Makanya, Amsal mencatat:
"Takut akan TUHAN adalah permulaan pengetahuan, tetapi orang bodoh menghina hikmat dan didikan" Amsal 1:7
Jadi, kalau motivasinya dari awal bukan untuk mempelajari Tuhan, ya mana bisa maju? Bak si fotografer amatir, kalau dari awalnya memang tidak mau belajar (alias dipaksa orang lain), ya mana bisa maju?
Nah, trend selanjutnya, ketika si fotografer amatir ini sudah mulai berpengalaman dengan kemampuannya, biasanya dia mulai ngikut-ngikut menganalisa kameranya.

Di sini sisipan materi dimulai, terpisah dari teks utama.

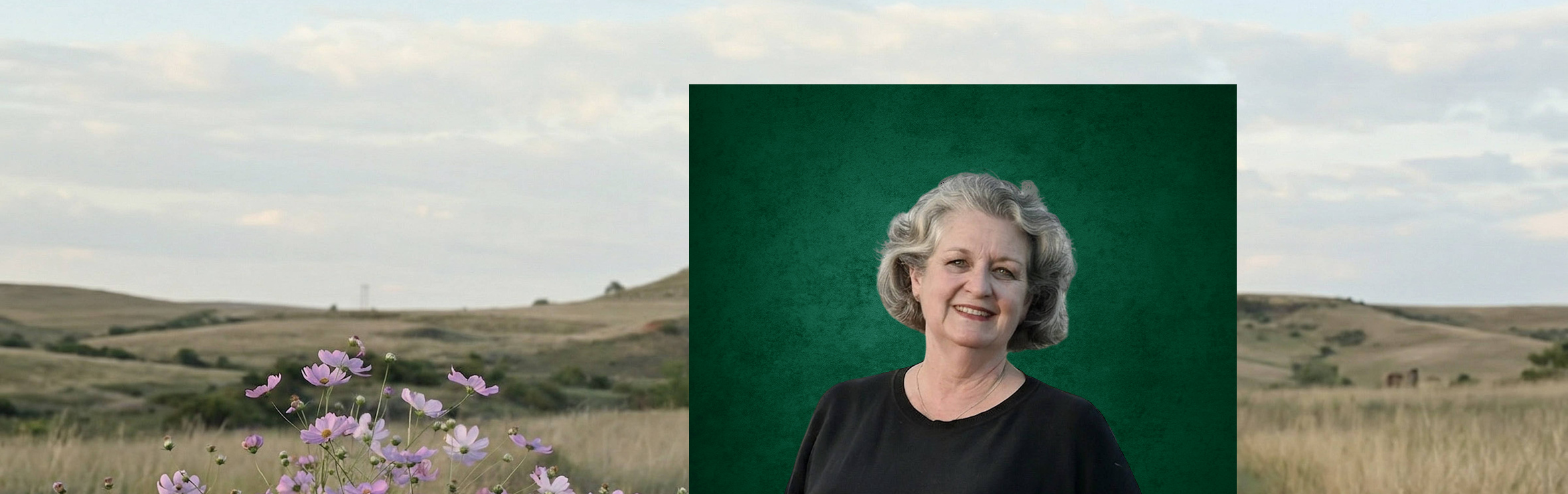 Your local property sales and rentals specialist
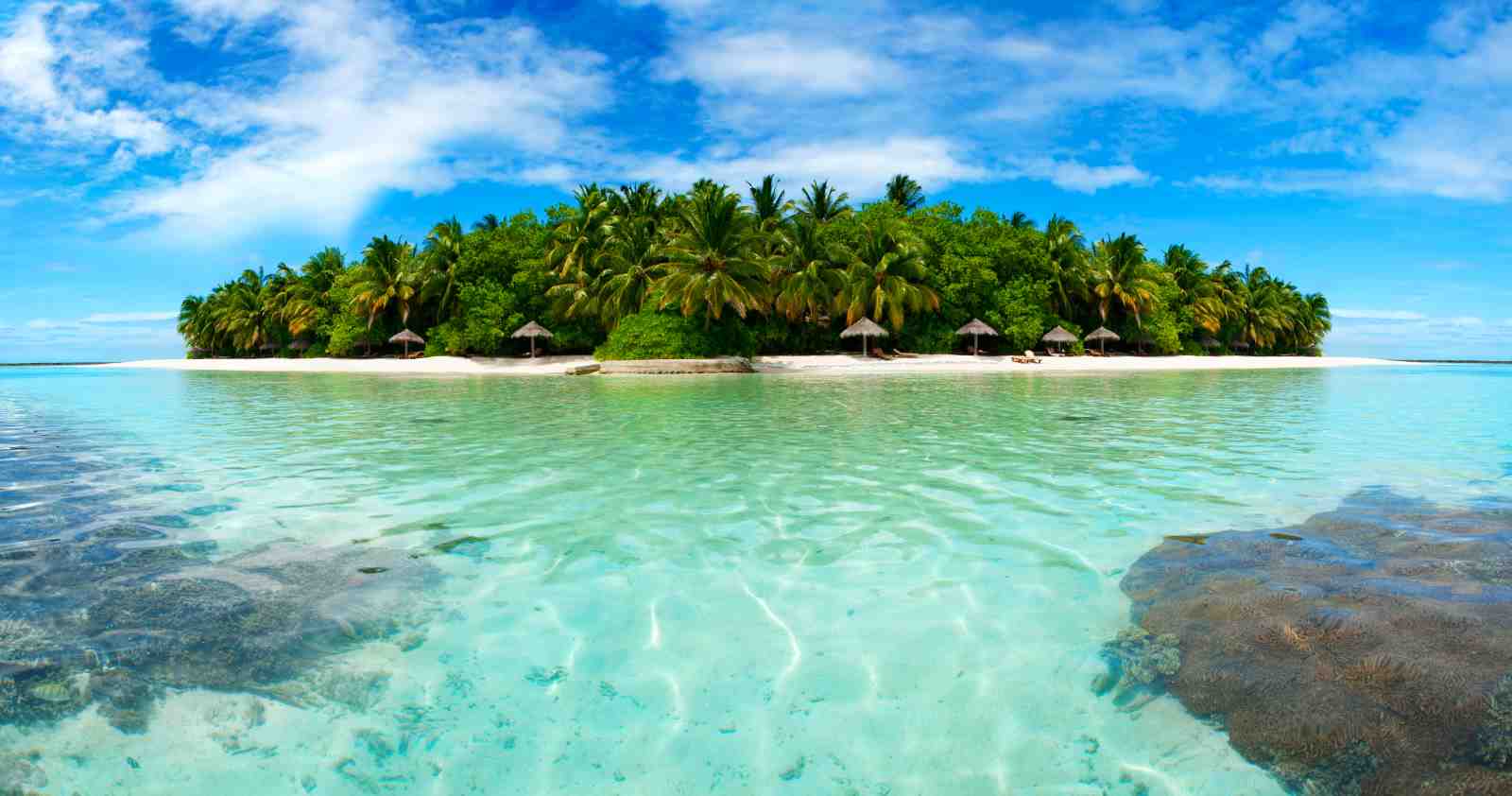 Tropical Paradise Beach Wall Art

Mulailah dia ikutan forum di internet, bersumpah serapah kamera ini kok begini-begitu, teknik ini lebih baik karena ini-itu, dan seterusnya.
Lebih lagi, seperti saya dulu, saya mulai geleng-geleng kepala kepada fotografer yang lebih amatir dari saya, "bego banget sih nih orang, gitu aja nggak ngarti", atau "Duh, kok pilih kamera yang itu, jelas-jelas ada yang lebih bagus dan lebih murah".
Tidak beda di gereja, terutama yang memiliki lebih banyak 'pengetahuan'. Mereka mulai mengkritis lebih lagi, dan menemukan banyak teologi dan praktis yang simpung siur di dunia kekristenan. Tidak jarang dari mereka pun mulai vokal dan mengkritis yang 'amatir'.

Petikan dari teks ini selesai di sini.